The New York Times: "The church’s convention voted not to stand in the way if another gay bishop were elected and to allow for the blessing of same-sex couples."
The Washington Post: "Anglicans in Northern Virginia were divided yesterday over a decision by the U.S. wing of the church to allow for the ordination of gay bishops."
Reuters: "The 2 million-member Episcopal Church earlier this week approved a resolution opening the doors to ordain gay men and women as clergy."
And reliably, the Reverend Pat Robertson (okay, not technically a member of the MSM, but this is too delicious to resist) said: "There will be no tears in my life if the Episcopal Church of America just quietly goes out of business."
Well, if the press (and the Religious Right) largely got it wrong, what did happen in Anaheim? And what does it mean for The Episcopal Church?
The General Convention adopted dozens of resolutions, including calling for:
- every Episcopalian to "pray, especially in Advent and during the Christmas season, for the wall around Bethlehem and all other barriers to come down." (A037)
- support for Honduras (B031);
- an end to the blockade with Cuba (A034);
- support for Haiti (A036);
- support for the Church and People of Pakistan (D084);
- reconciliation in Southern Sudan (A033);
- protection of all victims of human trafficking (A167); and
- support for climate change action (D031).
But what got the press' scandalometers whirring was resolution D025 , a long-awaited response to resolution B033, which was adopted in the waning hours of the 2006 General Convention and urged restraint concerning the election of bishops whose "manner of life" would cause offense to the wider Anglican Communion. That was widely believed to refer to gays and lesbians in committed same-sex relationships, and its effect was a three year moratorium on new ordinations of openly gay or lesbian bishops.
But D025 does not call for the ordination of gay and lesbian people as bishops. It only acknowledges that TEC is not of one mind on the matter—and that many gay and lesbian people are serving in ordained ministry and may enter the process of discernment towards Holy Orders. It states that the call to ministry is a “mystery”--a theological term denoting the inability of humans to completely explain the inexplicable works of the divine nature.
The second controversial action of General Convention was Resolution C056 which called TEC "to acknowledge changing circumstances" that call forth a renewed pastoral response from the church for considering same-gender blessings. Those changing circumstances include the growing number of states that are recognizing some sort of legal status for same-sex unions, up to and including civil marriages.
The resolution authorizes TEC to create a process for the creation of appropriate liturgical resources to be used pastorally for same-sex couples desiring to live faithfully and openly in the church. Nothing can be adopted before the next General Convention in 2012.

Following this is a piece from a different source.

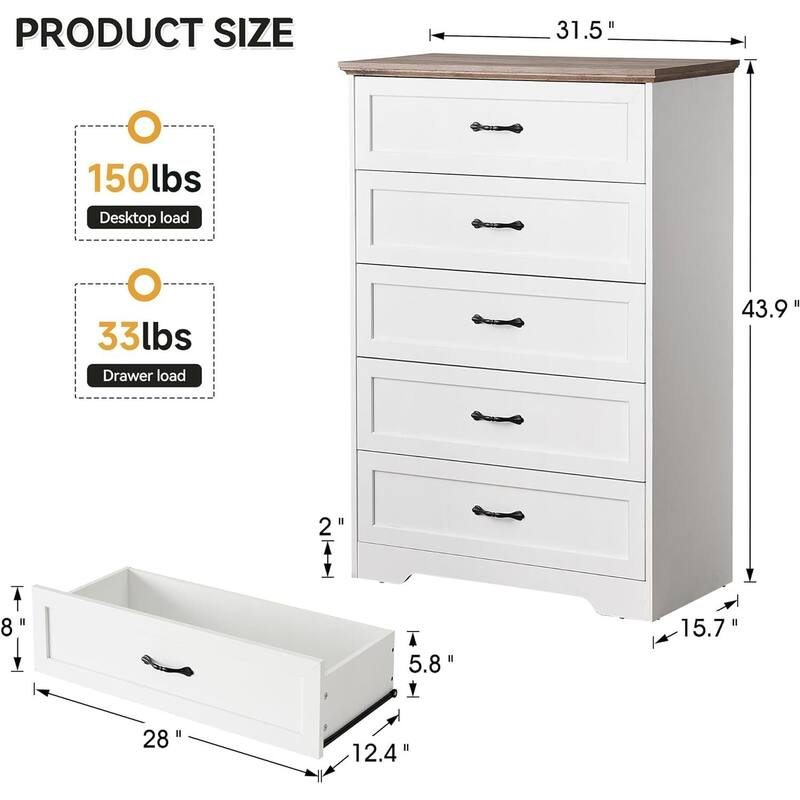 Dresser for Bedroom with 5/6 Drawers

I don't expect that the MSM can get the fine points of theological debate down—I would bet that the average reporter would define the doctrine of the Trinity in terms that are either tri-theistic or modalistic, neither of which reflect orthodox Christian doctrine. But, truth be told, most Christians understand the Trinity that way too. It's because it's a mystery, and not even close to being able to be discerned by humans.
But before they went rushing out to report on something they didn't understand, one would have expected a little more questioning, a little more nuance, a little more explanation of how TEC got where it is, and why it's necessary to take further action.
The right-wing of the Anglican Communion is all a-Twitter with dire warnings about the victory of the Devil at Anaheim, along with calls to conservatives to leave TEC and join up with the new Anglican Church in America. 100,000 of the 2.3 million American Episcopalians have already done so.
But I have feeling, that this too, shall pass, and The Episcopal Church can go on with its 220 year-old mission to be an authentic expression of the middle way between Catholic and Protestant Christianity in the United States of America.